● YOUR TASK: Reproduce exactly the run of lines that begins with the one containing "Die Konfrontationen zwischen" and ends with the last line of the records, omitting pictures.

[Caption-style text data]
>>>>

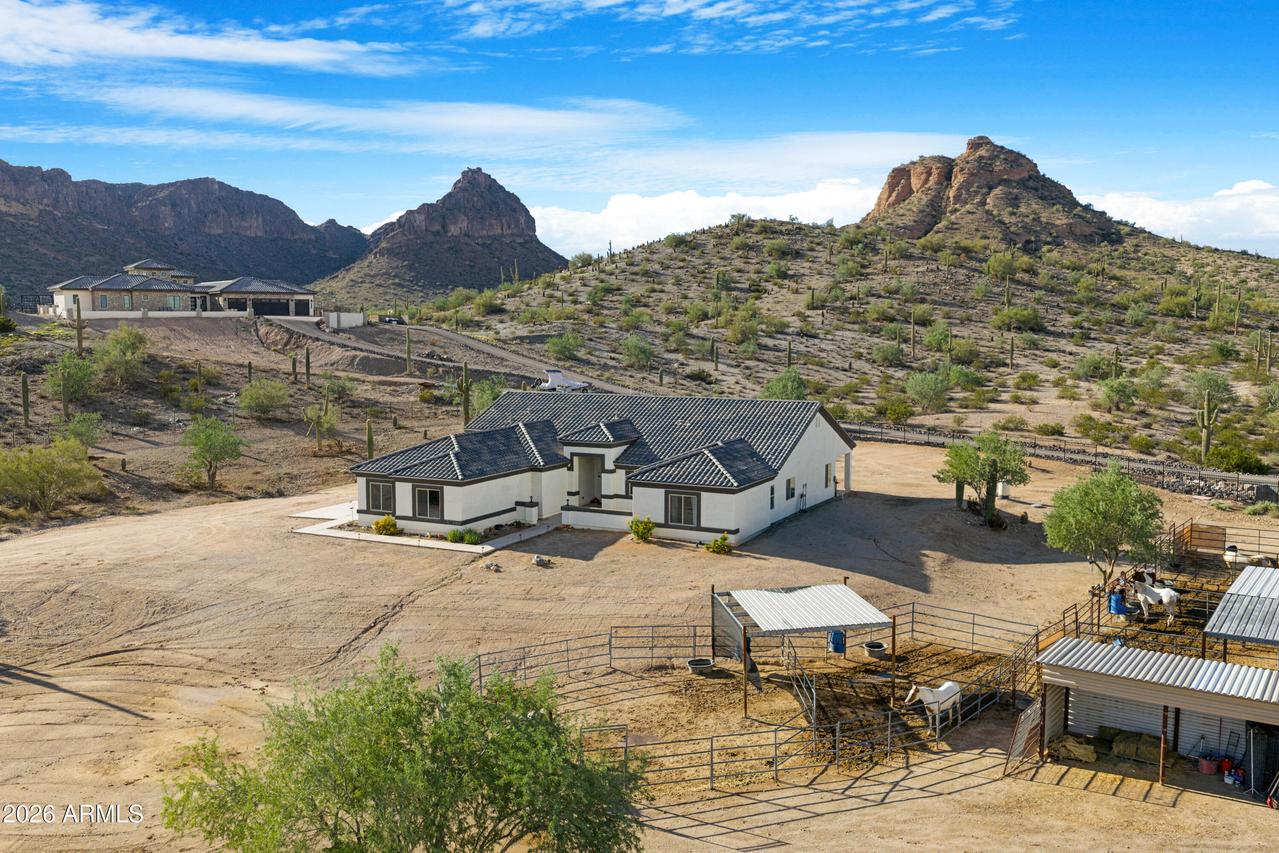 27322 N Brenner Pass Rd., San Tan Valley, AZ 85144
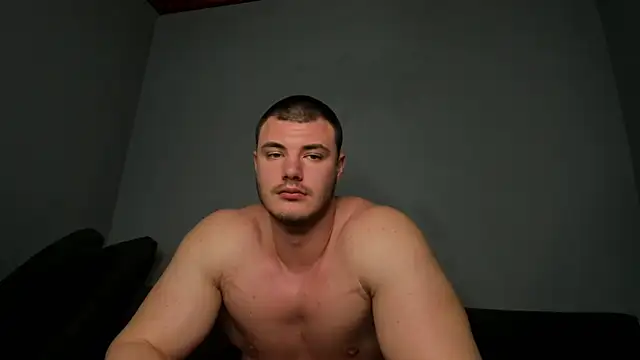 Show de Troy_Bigtitan na webcam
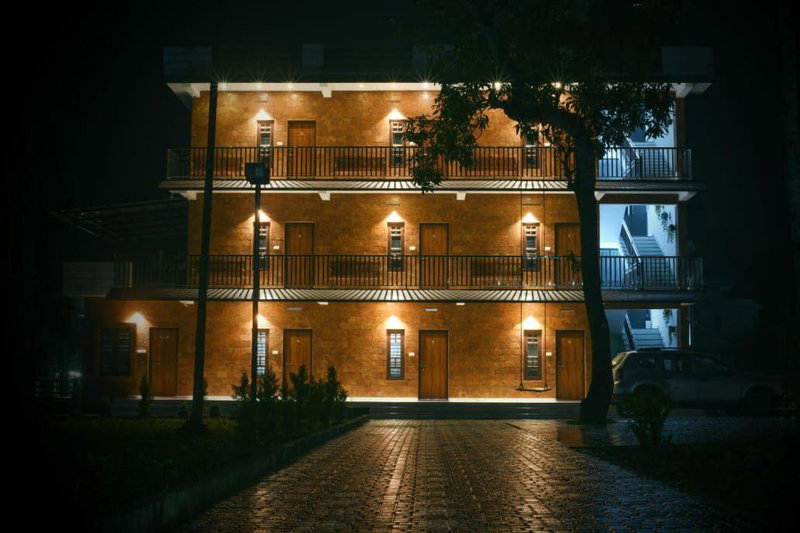 Dolphin Enclave Service Studio Apartments, Kalpetta, India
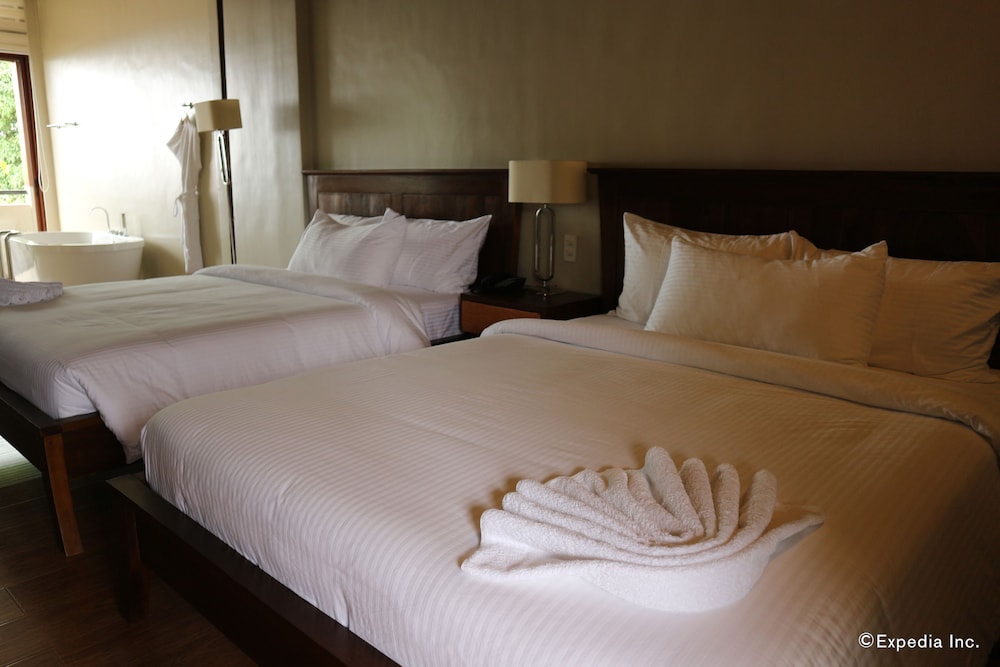 Bravo Resorts Munting Paraiso 8/49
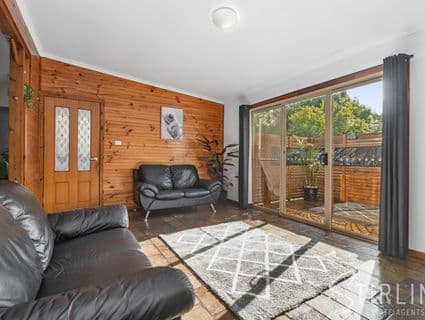 32 Glenalva Parade, Cannons Creek - Thumbnail 7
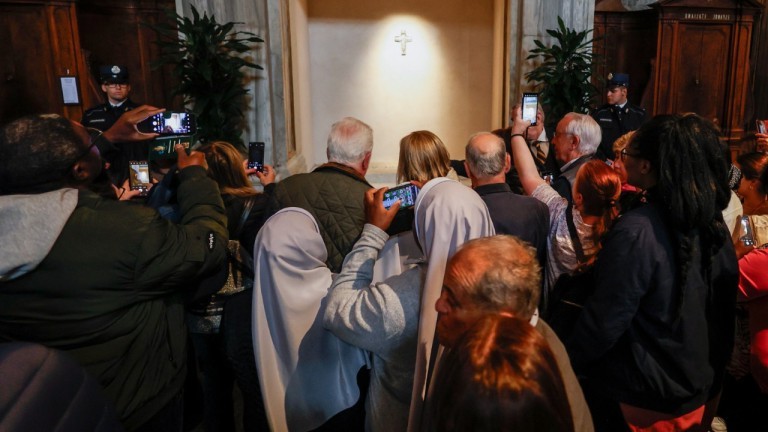Papa Franciscus Son Yolculuğuna Uğurlandı: Cenaze Vatikan'da, Defin Roma'da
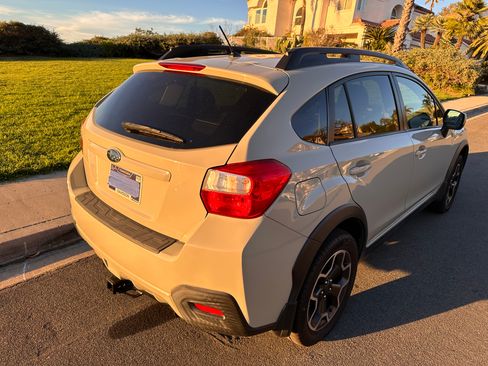 Used 2014 Subaru Crosstrek 2.0i Premium image 10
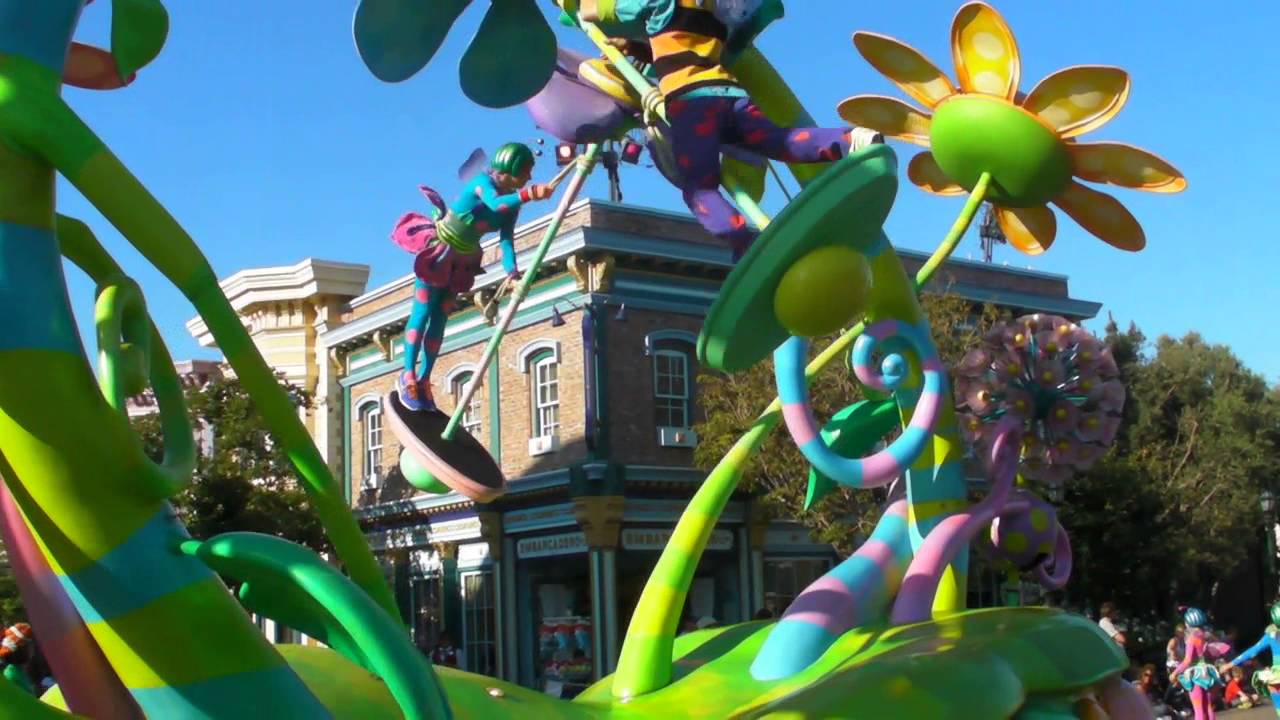 Disneyland Pixar Parade, 2013 - A Bugs Life - YouTube
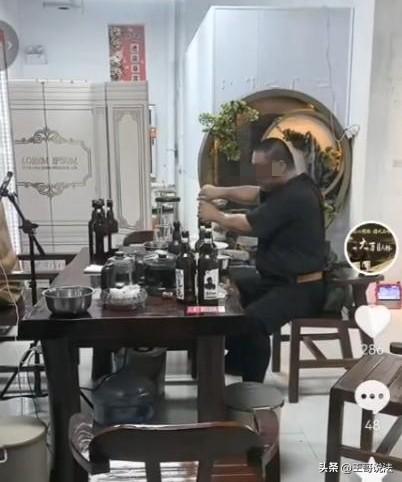 “想钱想疯了！”河南平顶山，一男子参加喝啤酒挑战赛，每瓶1.5斤，要喝10瓶，加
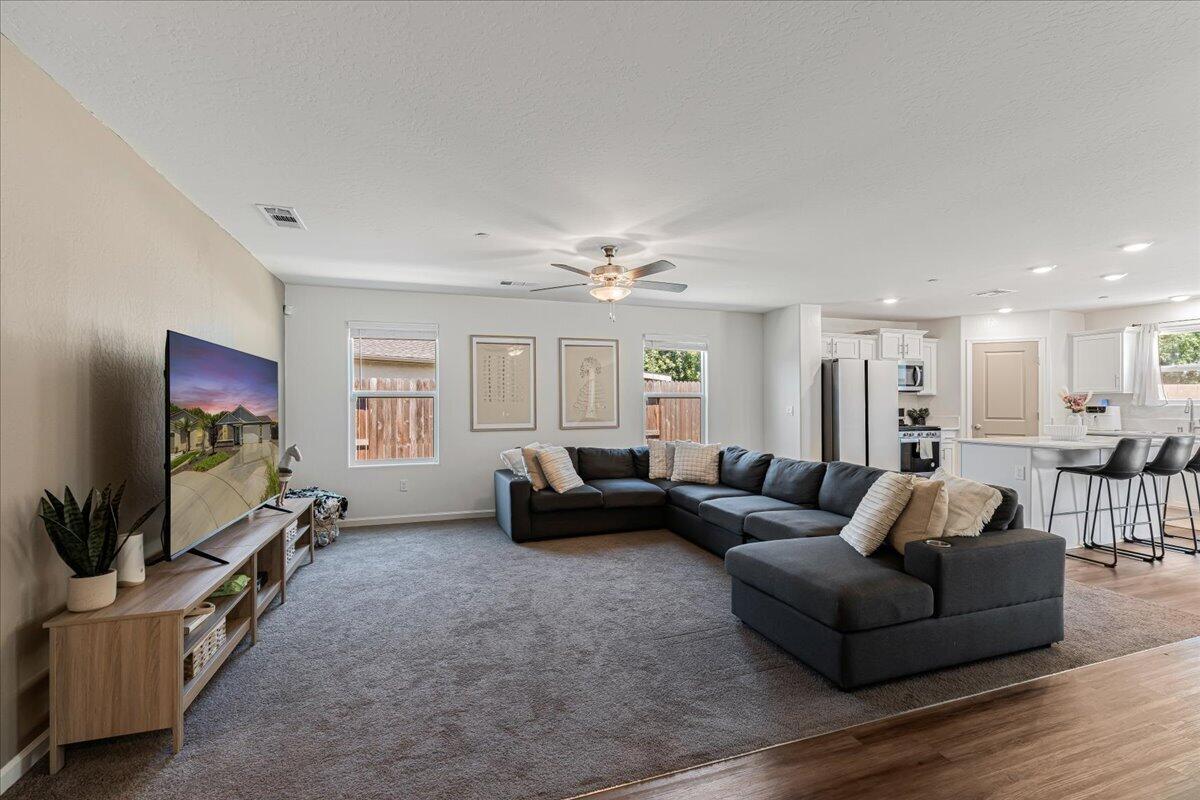 2428 Wolf Creek Pl, Tulare, CA 93274
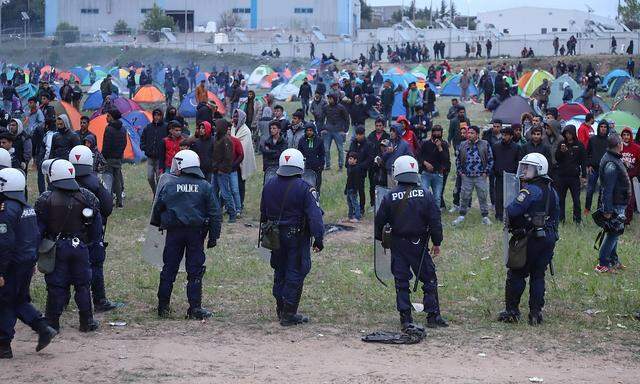 Die Konfrontationen zwischen Migranten und Sicherheitskräften nahe Thessaloniki drohen auszuufern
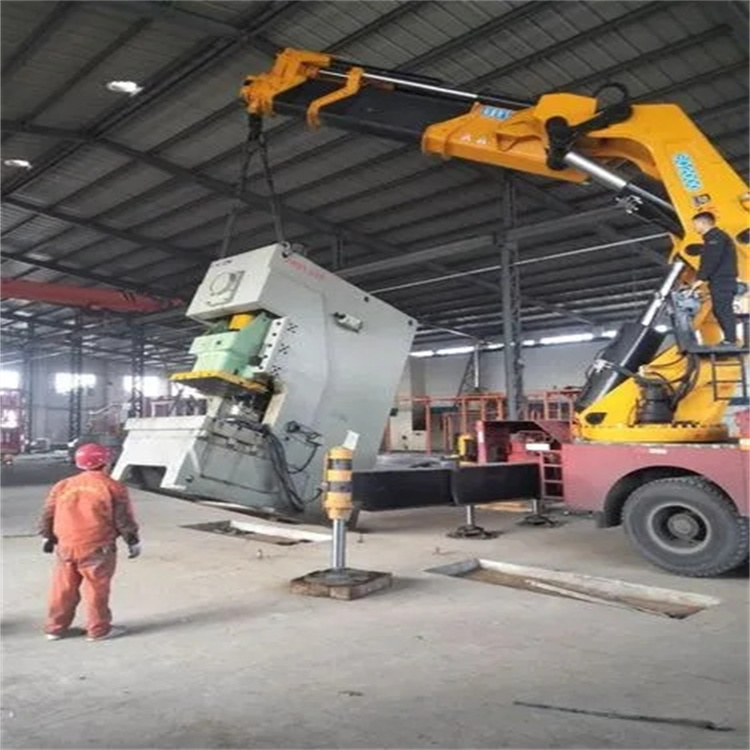 海港80吨折臂吊车出租附近电话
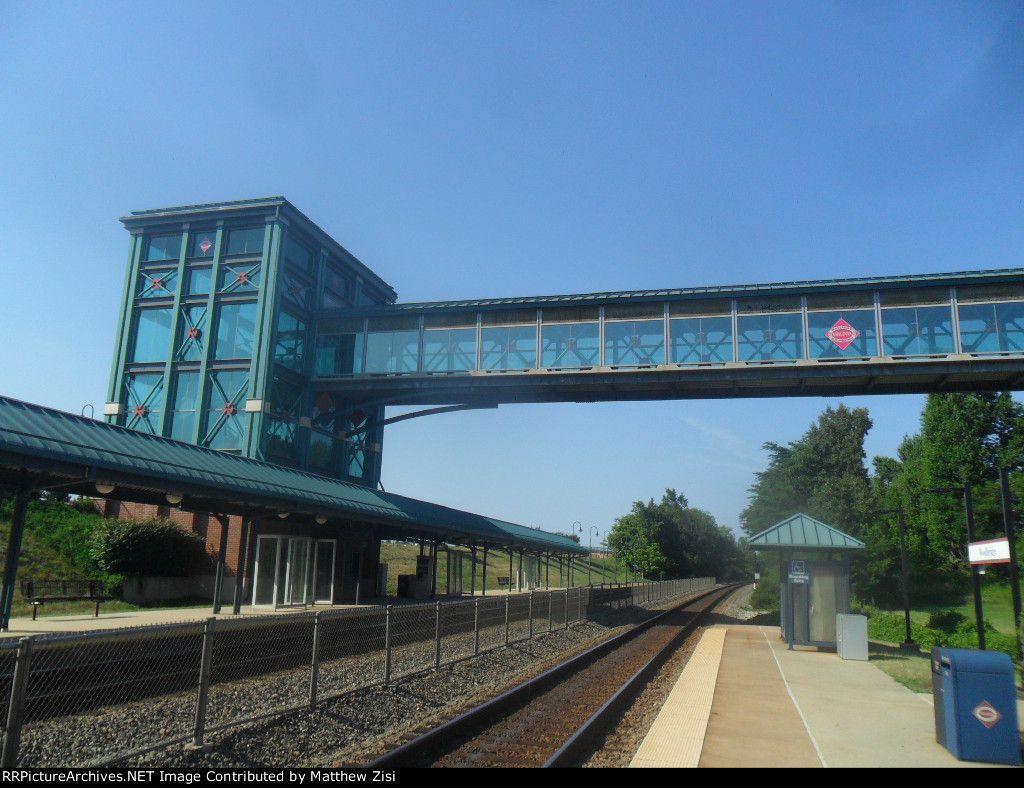 Bridge at VRE Station (1)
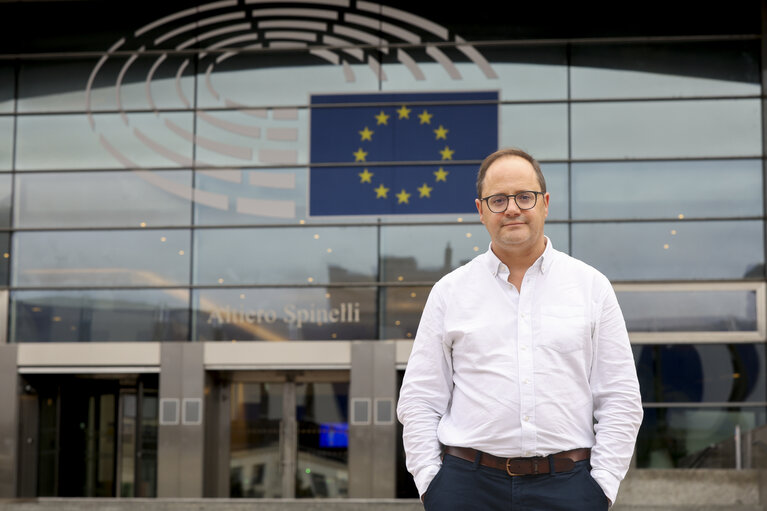 Снимка 1: Cesar LUENA in the EP in Brussels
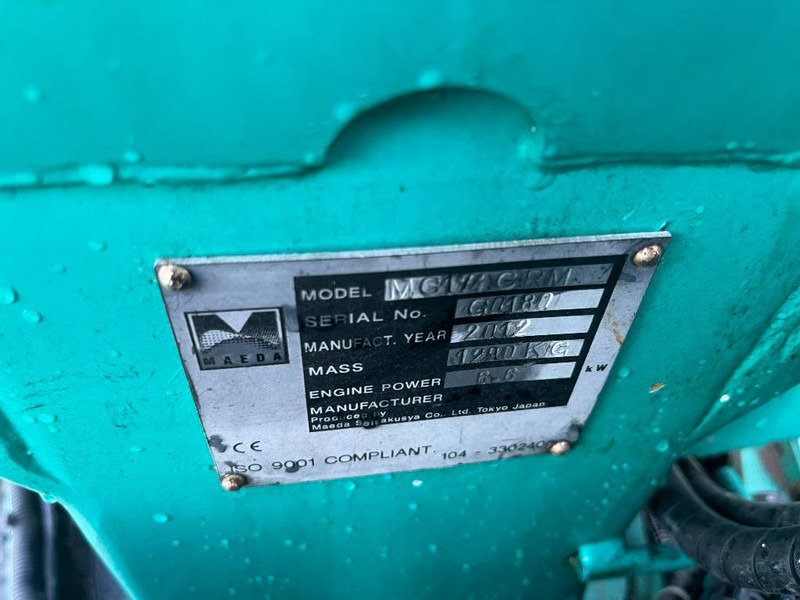 Maeda MC 174 CRM - Mini daru: 4 kép. Maeda MC 174 CRM - Mini daru: 4 kép.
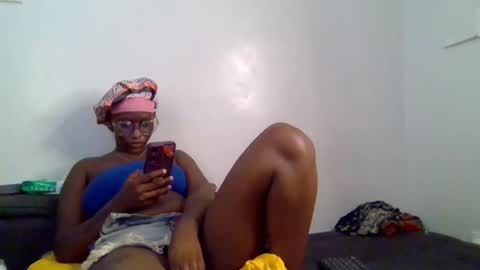 Snapshot of cutie_pumpkin_ chatting on 03.14.26 CUTIE online show from 03.14.26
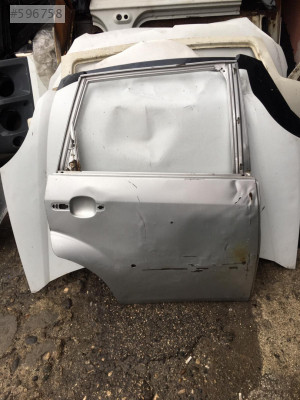 2007 ford fiesta sağ arka kapı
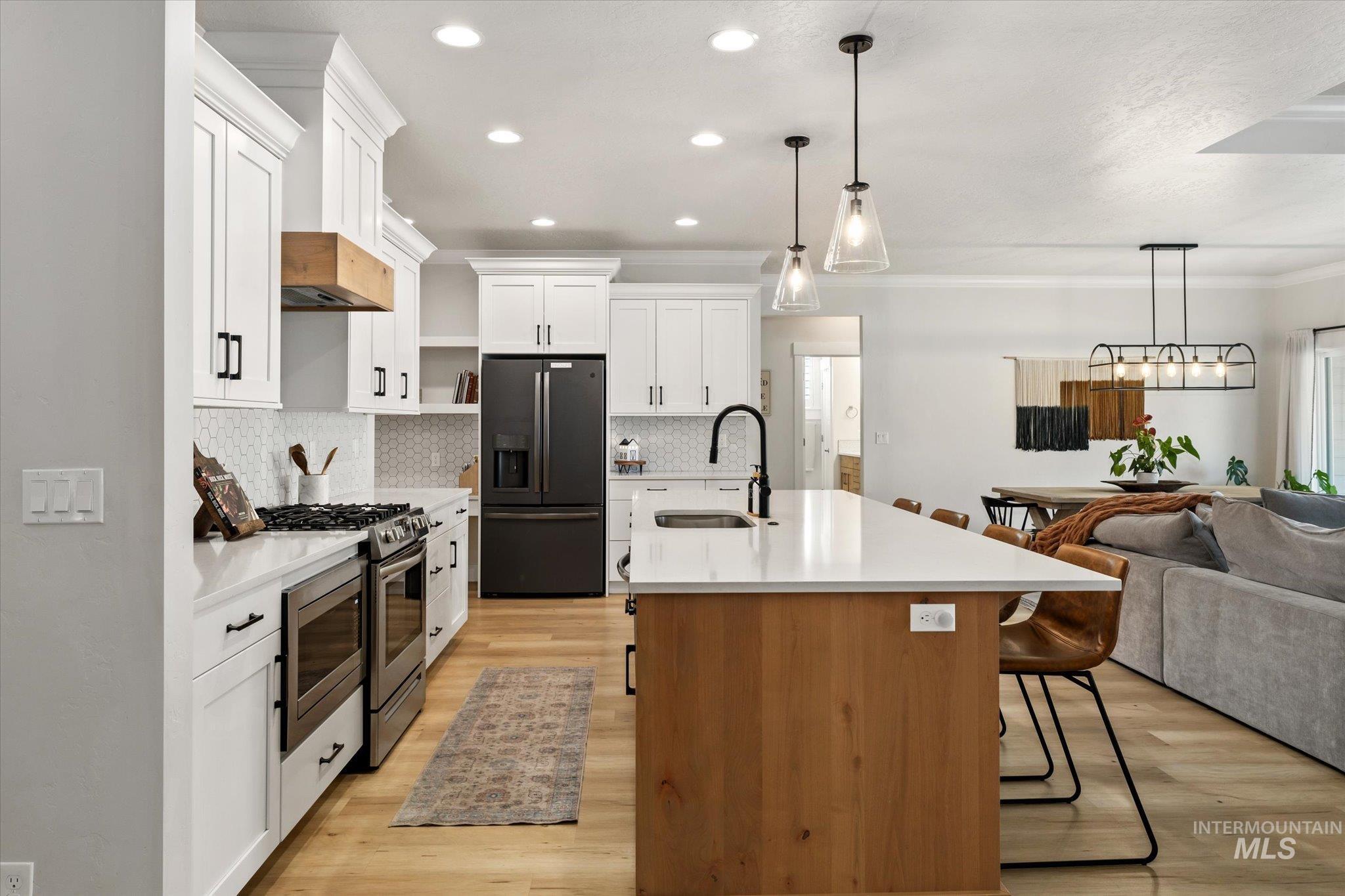 1699 Shoal Point Ave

<<<<

● RESULT FOR THIS EXERCISE:
 Die Konfrontationen zwischen Migranten und Sicherheitskräften nahe Thessaloniki drohen auszuufern
 海港80吨折臂吊车出租附近电话
 Bridge at VRE Station (1)
 Снимка 1: Cesar LUENA in the EP in Brussels
 Maeda MC 174 CRM - Mini daru: 4 kép. Maeda MC 174 CRM - Mini daru: 4 kép.
 Snapshot of cutie_pumpkin_ chatting on 03.14.26 CUTIE online show from 03.14.26
 2007 ford fiesta sağ arka kapı
 1699 Shoal Point Ave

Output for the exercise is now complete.